Inputs to the board would be a four wire connector with RX/TX/3.3/GND, and this would power and communicate with the onboard Propeller. A possible input would be four PWM channels so it could be a drop in replacement for off the shelf BLDC motors. Also input would be the motor battery. Outputs would include the three wires for each motor, and possibly a 5v/3.3v/GND connection (if you want to power electronics with the same battery as the motor). What do you think?
How interested are you in pursuing this and making it open source? If there's any way that I can support you, let me know (parts, math help, code help, testing, etc.). I'm one of the many people here working on quadrotor code, so it would be nice to have a good BLDC controller to go along with it.
Do you have data to back up the claim that the wires are noisy? I assume that you're saying that the three wire portion of the motor control is the noisy bit. I've heard this all over the internet, but I'm skeptical that it's an issue. Anecdotal evidence, but:
--- I've been running a single motor (on a test stand) with a three wire section approximately 6 feet long (it uses a re-purposed 3 wire AC cord). I haven't seen any problems.
--- Most of the Elev-8s from Parallax seem to have the three wires running through the arm booms, and they can still fly.
My guess is that those three wires are not as noisy as assumed, but I don't know how to reliably test such a hypothesis. Any suggestions?
I guess what would be ideal IMHO is a carrier board that has the four daugter boards arranged so that the three wire section comes out from the corners of the board. It needn't be a star, but could instead be a 2x2 grid.
But again, this all boil down to how much of the "noisy wires" is a myth, and how much is true, and how to test such a thing.
If you've using 6 channels of 12bit ADC interfacing to an IMU, they are noisy! Also its simply good practice not to make unintended radio transmitters (if you ever want to turn a prototype into a product then EMI cleanliness matters). Besides you may increase the RC control range a lot by reducing the overload on the receiver input stage. Remember we're switching high current inductive loads so the dV/dt is substantial as well as the magnetic interference from the high currents.

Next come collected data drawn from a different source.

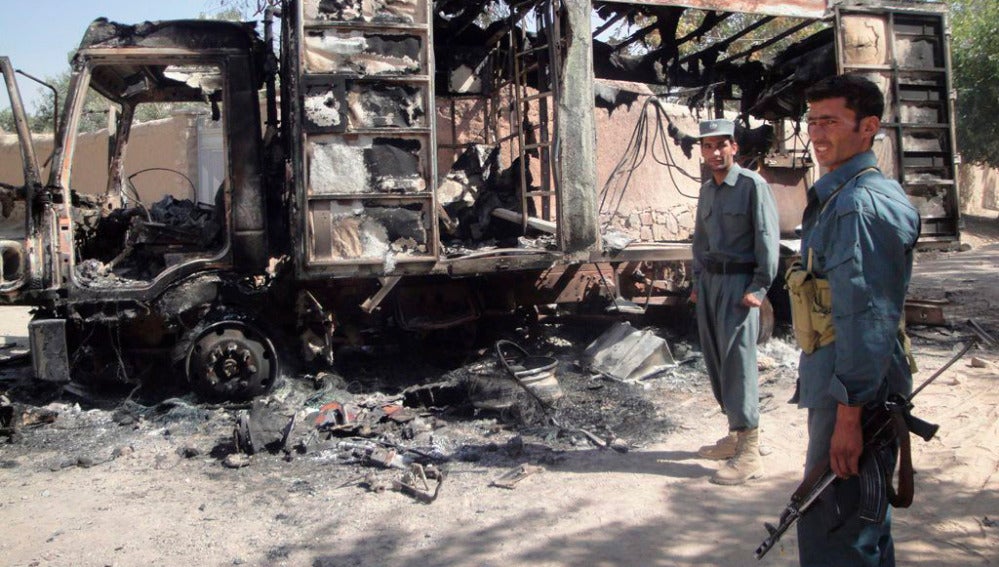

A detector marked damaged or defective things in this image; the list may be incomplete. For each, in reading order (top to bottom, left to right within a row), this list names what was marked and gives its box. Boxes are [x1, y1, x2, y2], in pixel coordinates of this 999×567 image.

burnt metal panel [608, 0, 828, 18]
charred wood beam [676, 14, 776, 64]
charred wood beam [724, 19, 816, 65]
burned truck [0, 0, 960, 400]
charred truck frame [0, 0, 960, 400]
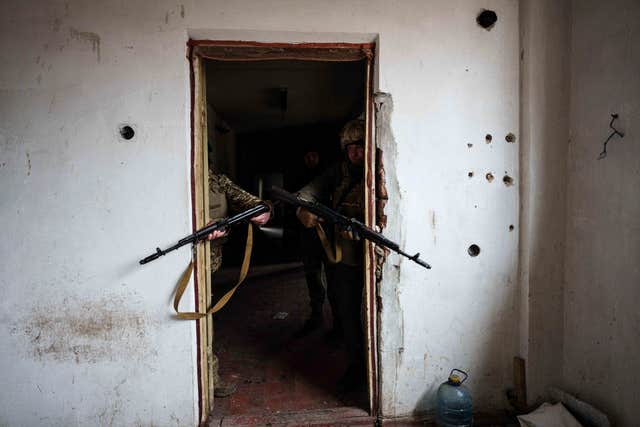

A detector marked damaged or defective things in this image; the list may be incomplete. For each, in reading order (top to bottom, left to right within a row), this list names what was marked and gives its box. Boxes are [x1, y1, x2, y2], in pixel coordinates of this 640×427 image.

peeling paint [69, 27, 100, 62]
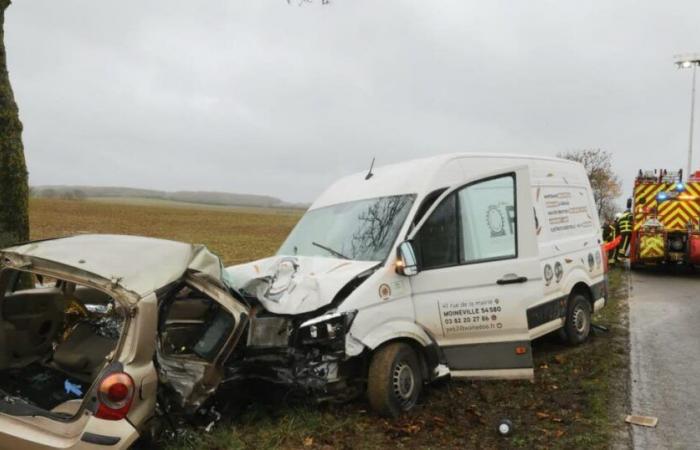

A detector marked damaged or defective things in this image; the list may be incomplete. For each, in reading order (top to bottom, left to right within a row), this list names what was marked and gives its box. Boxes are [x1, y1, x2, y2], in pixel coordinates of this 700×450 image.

crashed beige car [0, 234, 250, 448]
crumpled car hood [224, 255, 378, 314]
shattered window [276, 194, 416, 264]
damaged white van [228, 153, 608, 416]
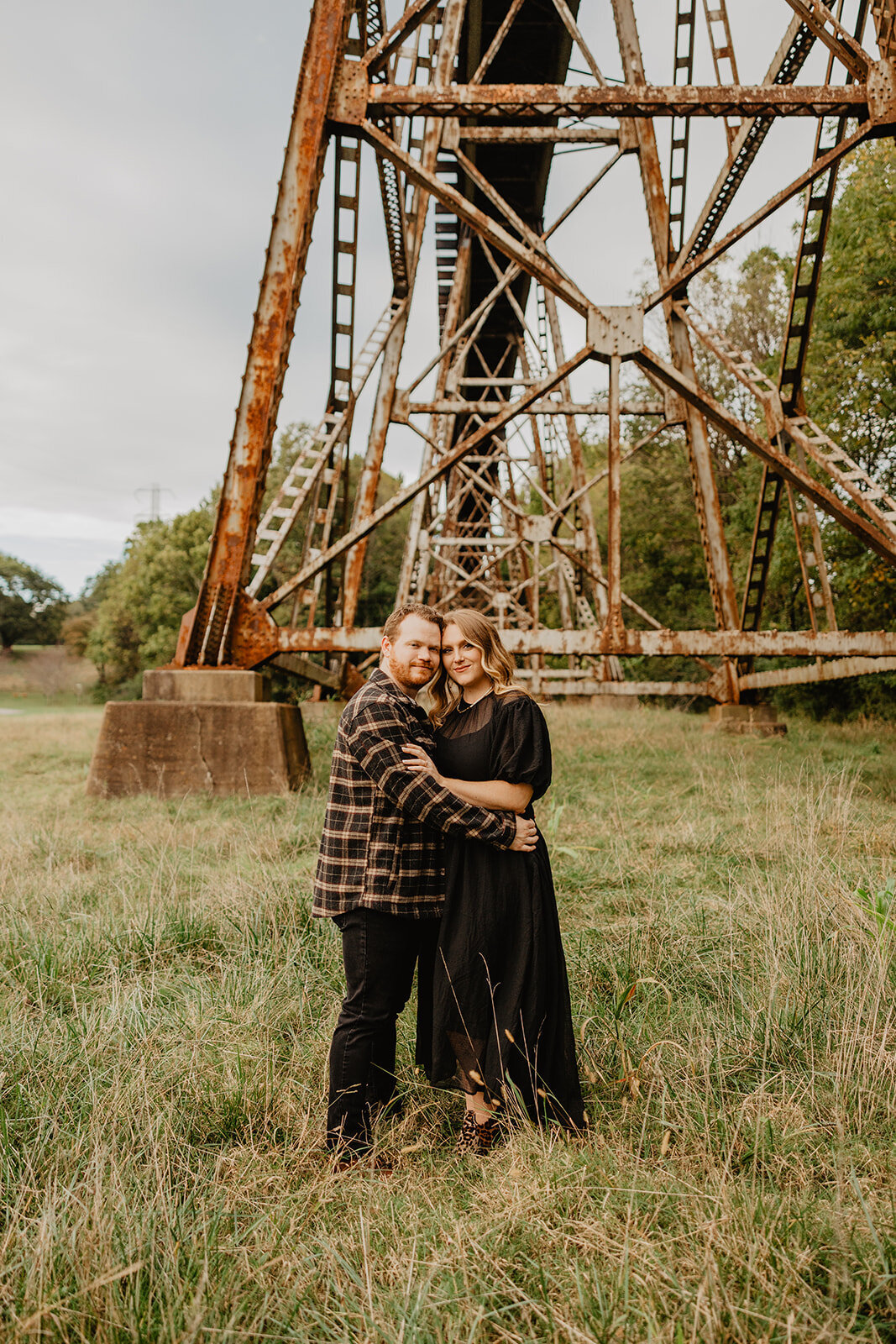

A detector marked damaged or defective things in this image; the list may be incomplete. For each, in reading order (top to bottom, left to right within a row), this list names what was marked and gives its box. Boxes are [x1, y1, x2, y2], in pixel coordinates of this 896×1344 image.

rusty iron bridge [170, 3, 893, 702]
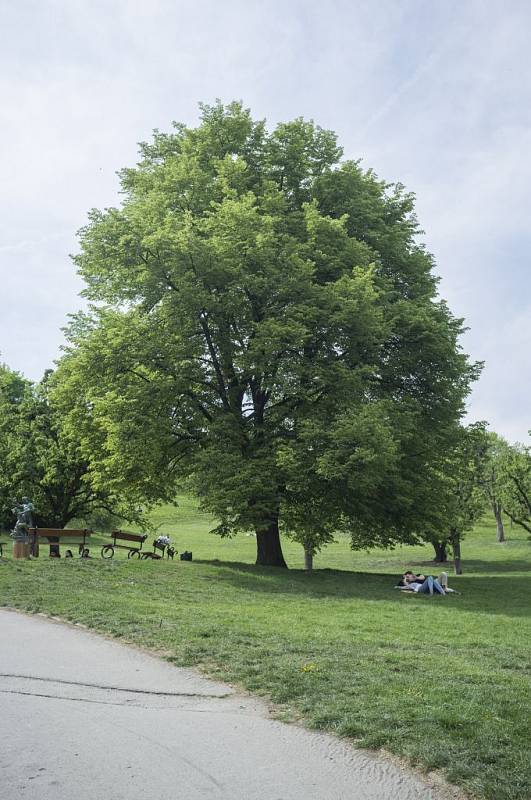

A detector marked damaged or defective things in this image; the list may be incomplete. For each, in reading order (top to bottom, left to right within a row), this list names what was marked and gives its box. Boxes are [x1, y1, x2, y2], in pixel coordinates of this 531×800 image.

crack in asphalt [0, 672, 231, 696]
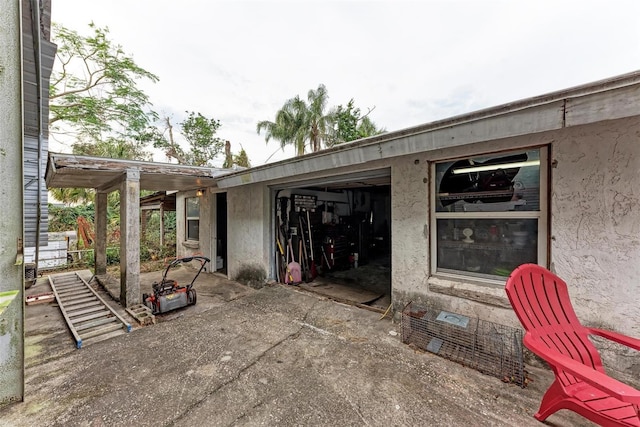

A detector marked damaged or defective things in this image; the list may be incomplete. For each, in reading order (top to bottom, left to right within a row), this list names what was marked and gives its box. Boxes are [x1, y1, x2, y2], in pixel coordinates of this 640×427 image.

cracked concrete slab [0, 272, 592, 426]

If you've ever used a sensitive radio receiver (not a broadcast receiver, they are pretty deaf) you'll know how strong the EMI output of digital electronics and power electronics can be. Remember the noise floor is well below 0.1uV over most of the electromagnetic spectrum - GPS receivers are sensitive to 40nV for instance.
Depending how you switch and PWM the voltages are jumping all over the place - you want to sense the open winding voltage against the centre, but you can't directly get to the centre, so you synthesize it by averaging the three phases.
If you do PWM on both high and low side switches simultaneously then in theory you can reference to mid-rail. Many schemes only switch one side.
You can't have a 4th terminal because motors are would as both star and delta windings - there is no common point in a delta winding and ESCs have to work with both.
Also p-channel and n-channel MOSFETs have different series resistance so there is an offset due to this that increases at higher currents.
My initial plan is to PWM high side and low side simultaneously and I will use BJT's since I know how to bias them. I expect both failure and progress.
Suppose you have a motor with 12 Poles and you want it to go 6000 rpm which is not out of the question for this type of application.
6000 rpm = 100rps
100rps X 12 poles = 1200kHz for the base frequency when energizing the coils, meaning that the coils can only be energized or sequenced for a maximum of 833 micro seconds... actually about half of that to allow freewheeling and minimize heat buildup in the motor due to braking effects if the coil is energized the entire cycle.
Ok, so that said, any Op-Amp/comparator solution is going to need to be quick to respond and have a minimal slew rate. An Op-Amp might not be the best approach here for the higher speeds. In my later attempts, I just used the B-E junction of a transistor across coils to form a comparator. In my most recent tests I was using that signal off of the transistor to energize the NEXT coil.... however, I'm not sure why I couldn't use that signal to energize the SAME sense coil itself. In other words, the initial state of the coil works as a sensor, when enough voltage is generated by kinetic momentum from previous coils to create a signal in the input coil, then energize the input coil. The beginning signal/power to the coil gets chopped, but only by about 600mV before it's fully engaged. Don't know it was just an idea I thought might be worth trying. This way you still get a tachometer from the motor to detect stalls and current speed, but your not completely sacrificing a coil as a sensor that's not energized. The Tach information could then be used to determine the width of the pulse necessary to ramp up to the desired/commanded speed.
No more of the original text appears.